On her role model in the circle… Growing up, I always looked up to Jennie Finch because of her incredible respect for the game and desire to give back.  Throughout college, I have been a huge fan of watching the DI College World Series so my inspirations are usually drawn from there.  Now I am lucky enough to be on the same team as several great pitchers that I definitely look up to!

On her career’s favorite moment… My favorite moment in softball was winning Tufts' first softball national championship in 2013.  It was the first time that my team and I got to experience truly being at the top of our sport, and there is no better feeling.  It is a day I will always remember, especially because I got to share it with my best friends/teammates! 

On keeping her focus in the middle of a perfect game… In the midst of a perfect game, the key is to focus so intently on each batter that you pretty much "forget" that you are even throwing a perfect game.  I am no expert at this, because for every perfect game that I have, I have two games that were blown on one pitch or one batter.  It's extremely difficult to accomplish, which is why it is so respected in softball and baseball.  Perfect games also require solid defense, which I was lucky enough to have at Tufts.

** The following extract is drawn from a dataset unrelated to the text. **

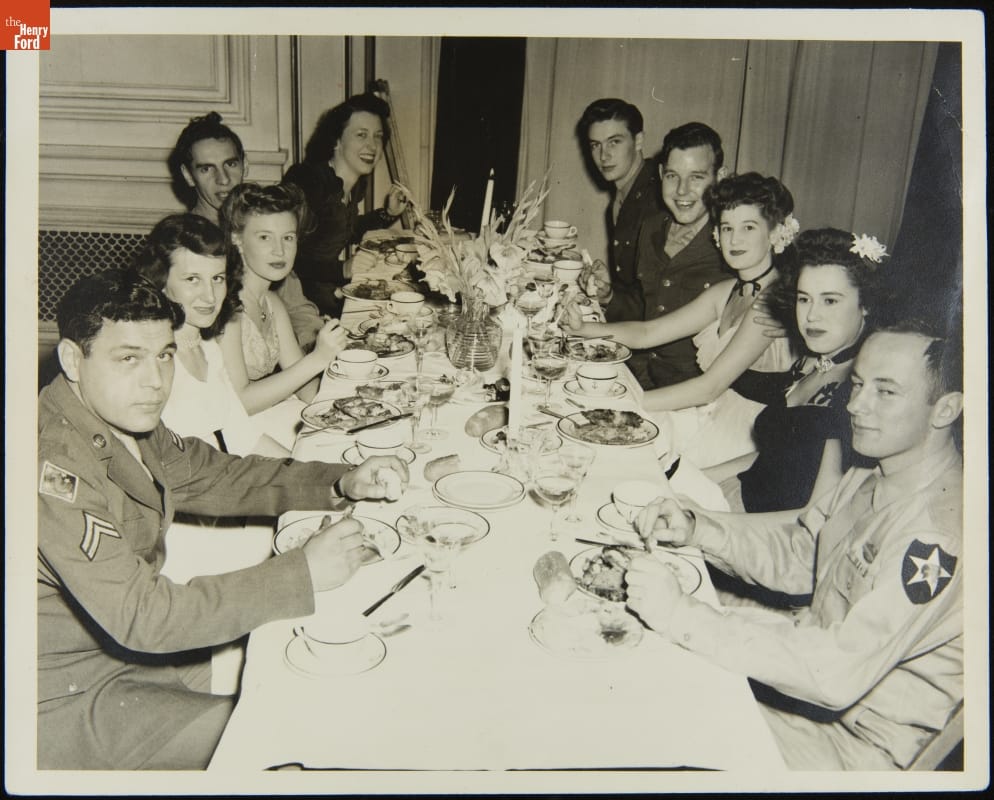 Group of men in military uniforms and women in dresses sit at a long dinner table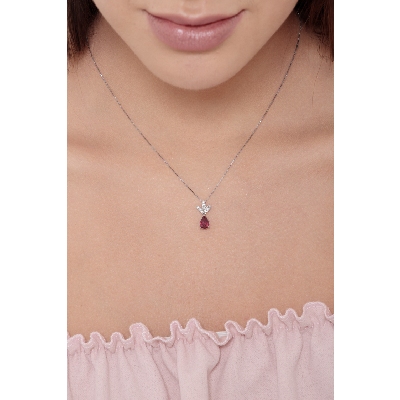 18k white gold pendant with 3 diamond leaves and ruby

On her tryout with the Rebellion… My tryout with the Rebellion came about very quickly, as I found out it was happening about 12 hours before I hopped on a plane to Pittsburgh.  My college coach had been in touch and helped me secure the opportunity.  At first it was a whirlwind of being around talented athletes and having no idea how I would be able to compete, but now I have become more comfortable.  To be honest, playing professional softball was never really on my radar, since it was unheard of for an athlete to be drafted from division III.  I'm incredibly humbled to have been able to make this jump, and hope it inspires future players to take a chance even when it seems crazy. 

On the added pressure of a short-term contract… I didn't necessarily feel more pressure on the field because of the short contract, because my goal is to do my best under any circumstances.  As expected, it did take some adjustment to get used to little things such as playing on turf, new catchers, a different type of ball, and facing a very different type of hitter.  I have so much to learn from the players in this league and a lot of work to do if I want to be successful.  However, no matter where my career in the NPF takes me I'm just grateful to get to experience it all.

On her plans for the future… I was a chemical engineering major in college, so my plans for the future involve starting a career in engineering.  I hope to move back to Boston in the fall and begin a new journey, somewhat apart from softball.  However, I will definitely stay involved in the game and likely teach pitching lessons.  I'm not sure whether my playing career will continue after this summer, and coaching is a possibility for the future.  Softball has grown to be such an integral part of my life that I'm sure I will always stay involved in some form. 

On what three things she’d take to a deserted island… I would take goggles for swimming underwater, a water filter, and a sleeping bag, assuming that other people or pets are not allowed.

1 comment:

  1. Already holding my vote as the greatest D3 pitcher of all-time, she can hold her own in the conversation of the very greatest hurler of all-time at any level of the college game.